▶ **TASK STATEMENT**:
Pictures are to be left out; everything else in the records must be repeated exactly.

[LISTED RECORDS — start]

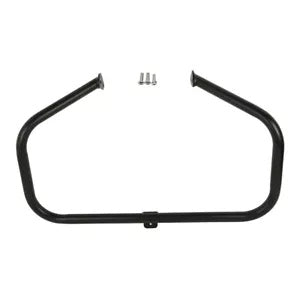 lovethismoto Fit For Harley Touring Models 97-08 Engine Guard Crash Bar + Highway Foot Pegs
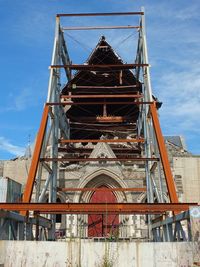 By earthquakes 2010/11 destroyed cathedral in christchurch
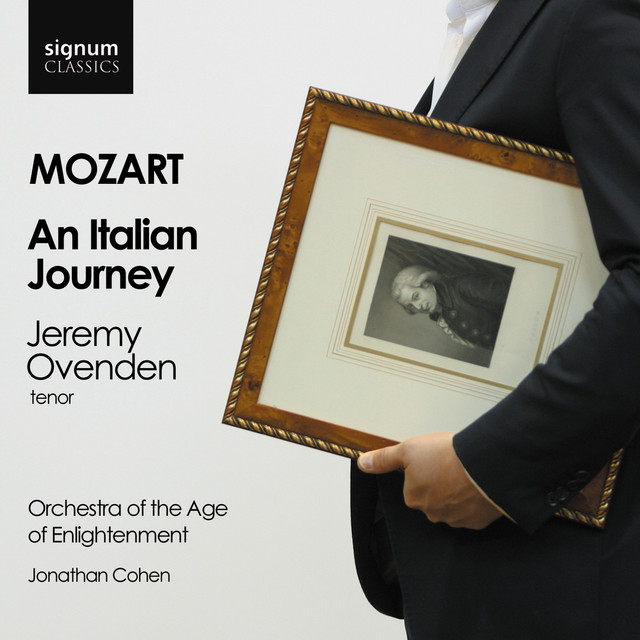 Mozart: An Italian Journey album cover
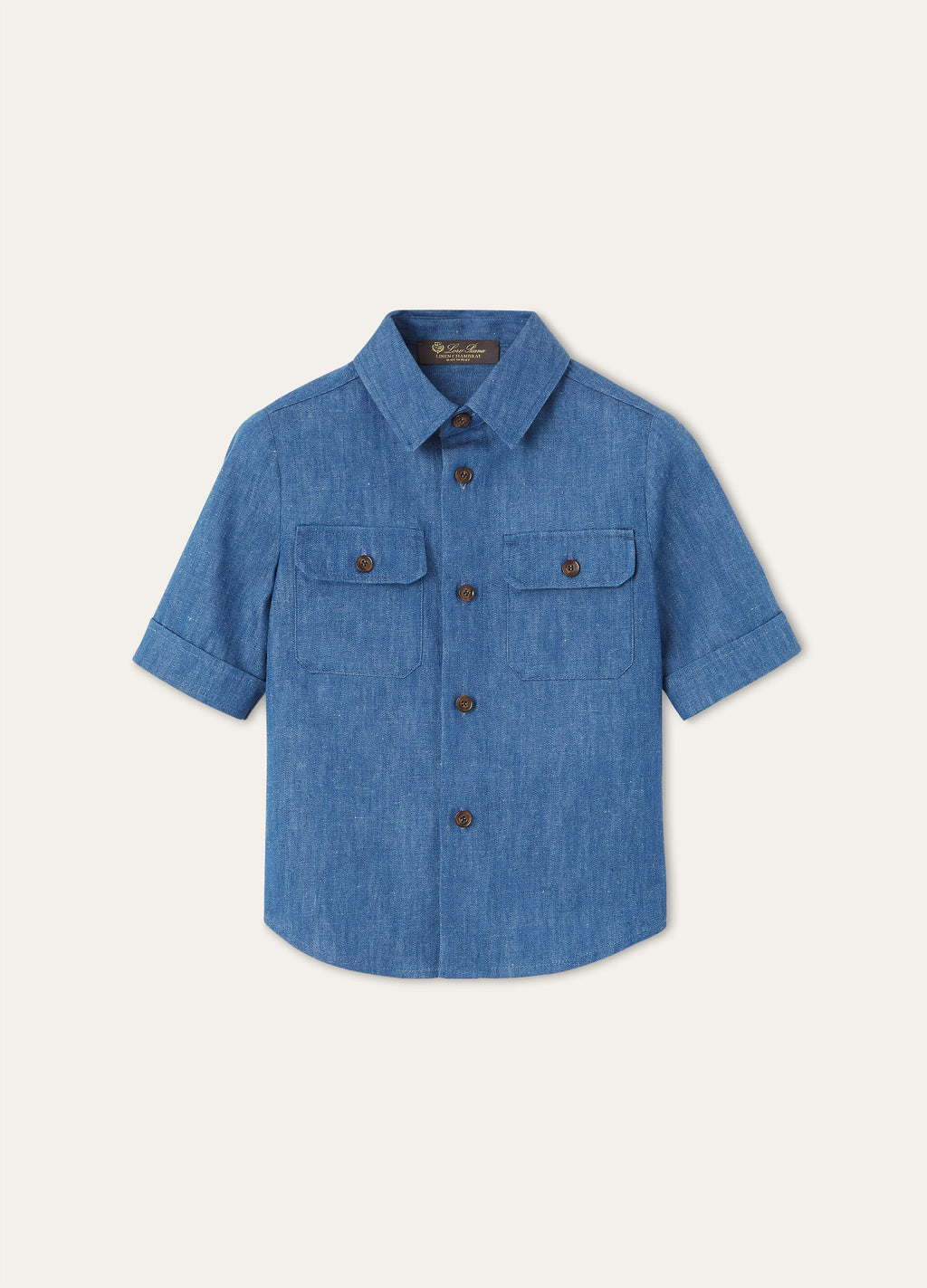 Kid's Jerome Shirt - Sapphire Dream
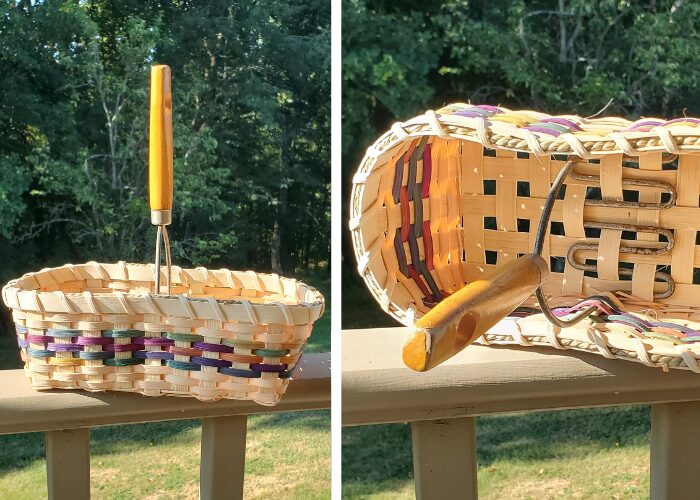 Intro to Basket Weaving with Bey-Her Baskets: Potato Masher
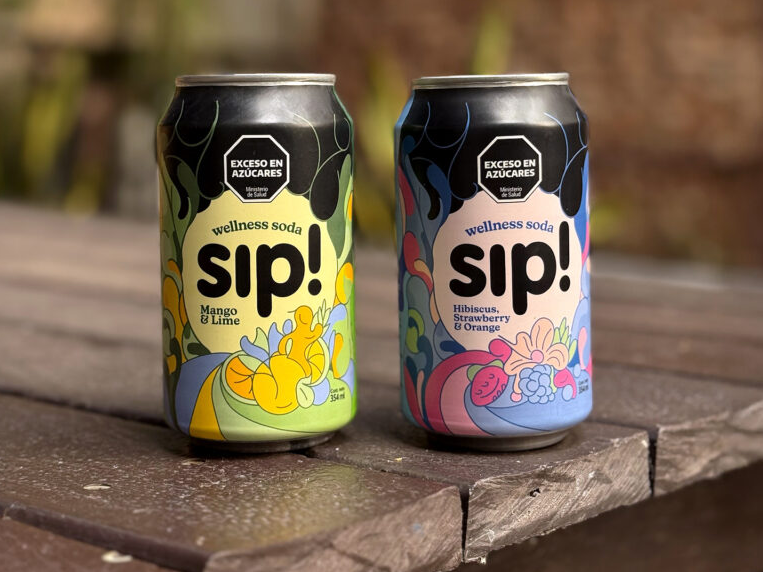 Sip! Wellness Soda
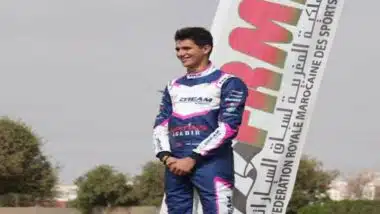Ilyass El Marzouqi représentera le Maroc au championnat mondial de karting WSK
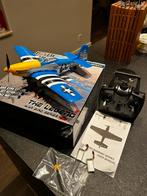 Volantex Mustang 400 mm vliegtuig RTF, Ophalen of Verzenden, Zo goed als nieuw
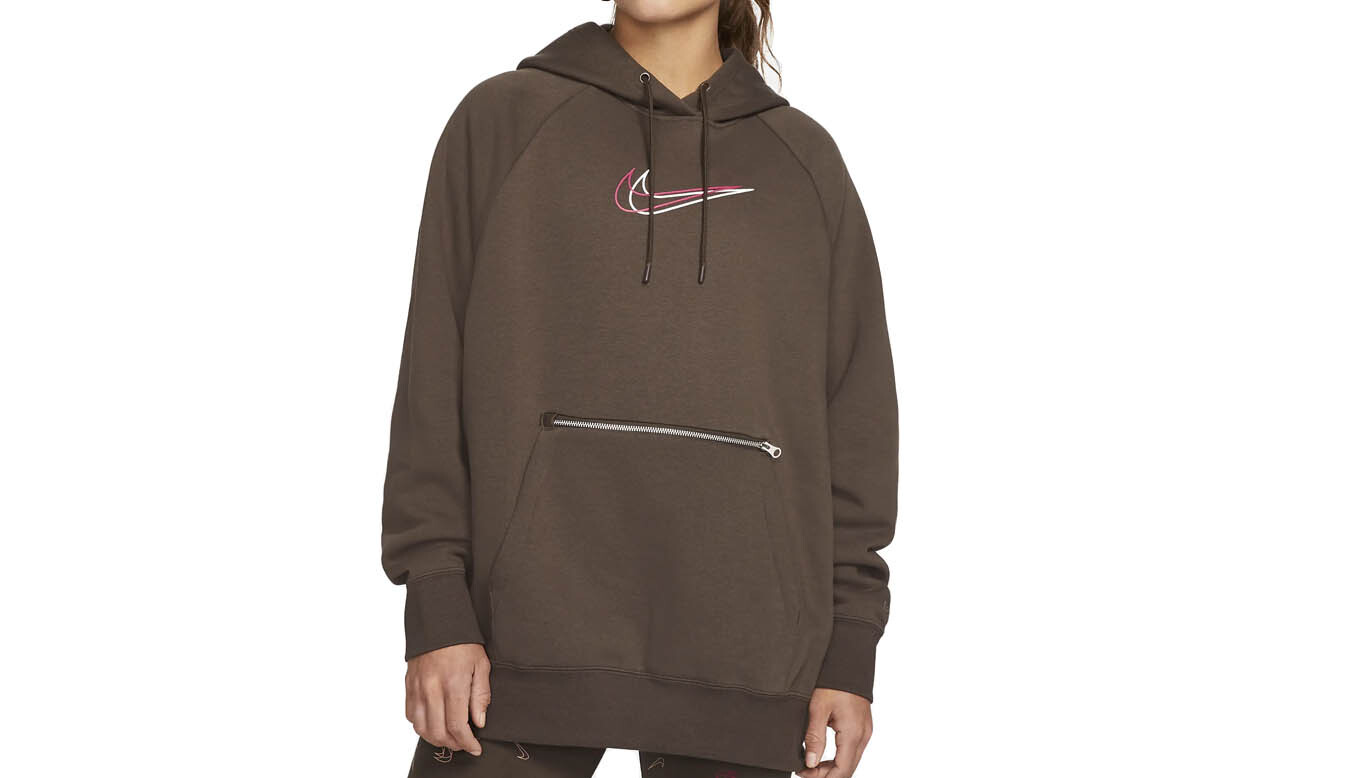 Nike Sportswear Hoodie Baroque Brown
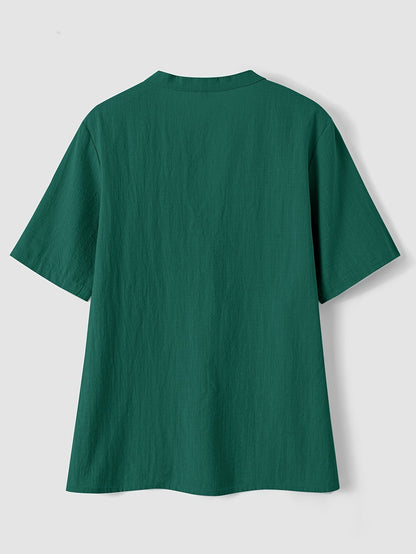 Van Delft Mode® | Elegante V-Hals Blouse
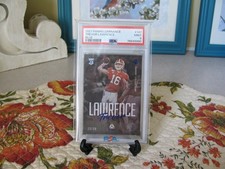 2021 Panini Luminance Trevor Lawrence Blue #147 #13/99 PSA-9 Mint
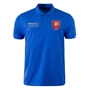 France Mens Champions 2025 Polo Shirt Royal Blue - Front 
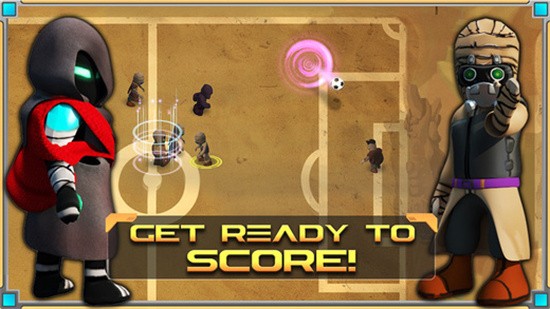 月神足球聯(lián)賽截圖2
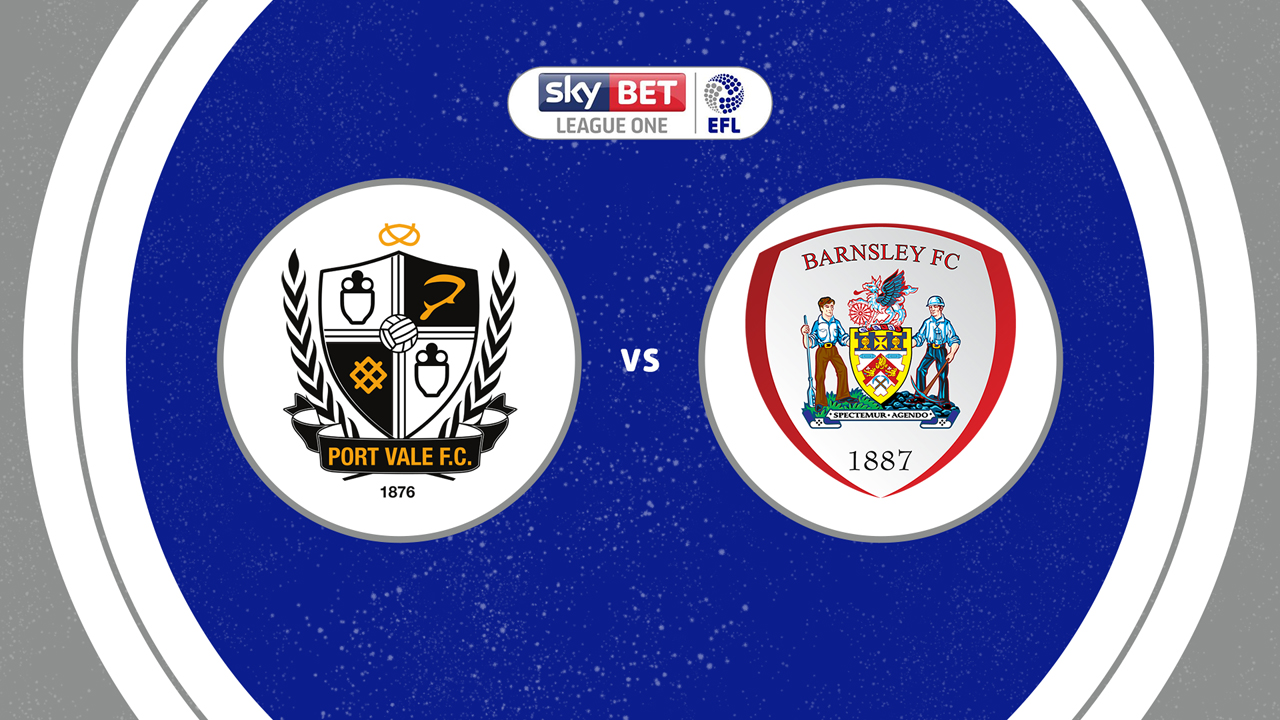 Port Vale vs Barnsley poster
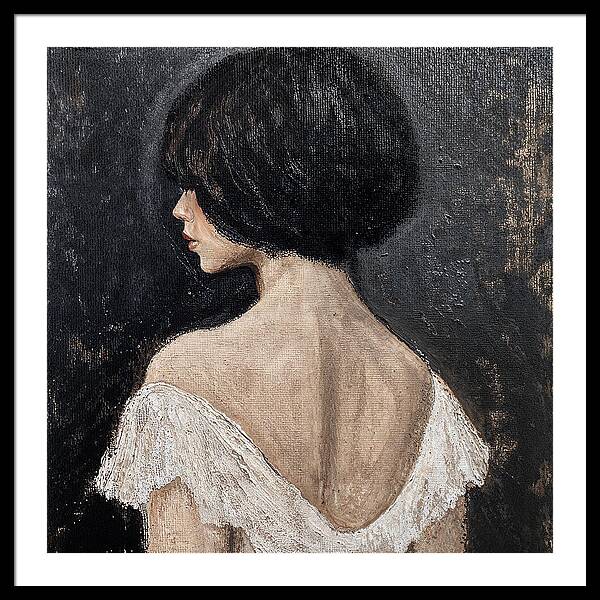 A Glimpse Unseen - Framed Print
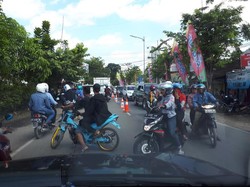 H+1 Lebaran, Waspadai Pemotor Jika Lewat Lamongan- Bojonegoro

[LISTED RECORDS — finish]

▶ **COMPLETED TASK**:
 lovethismoto Fit For Harley Touring Models 97-08 Engine Guard Crash Bar + Highway Foot Pegs
 By earthquakes 2010/11 destroyed cathedral in christchurch
 Mozart: An Italian Journey album cover
 Kid's Jerome Shirt - Sapphire Dream
 Intro to Basket Weaving with Bey-Her Baskets: Potato Masher
 Sip! Wellness Soda
Ilyass El Marzouqi représentera le Maroc au championnat mondial de karting WSK
 Volantex Mustang 400 mm vliegtuig RTF, Ophalen of Verzenden, Zo goed als nieuw
 Nike Sportswear Hoodie Baroque Brown
 Van Delft Mode® | Elegante V-Hals Blouse
 2021 Panini Luminance Trevor Lawrence Blue #147 #13/99 PSA-9 Mint
 France Mens Champions 2025 Polo Shirt Royal Blue - Front 
 月神足球聯(lián)賽截圖2
 Port Vale vs Barnsley poster
 A Glimpse Unseen - Framed Print
 H+1 Lebaran, Waspadai Pemotor Jika Lewat Lamongan- Bojonegoro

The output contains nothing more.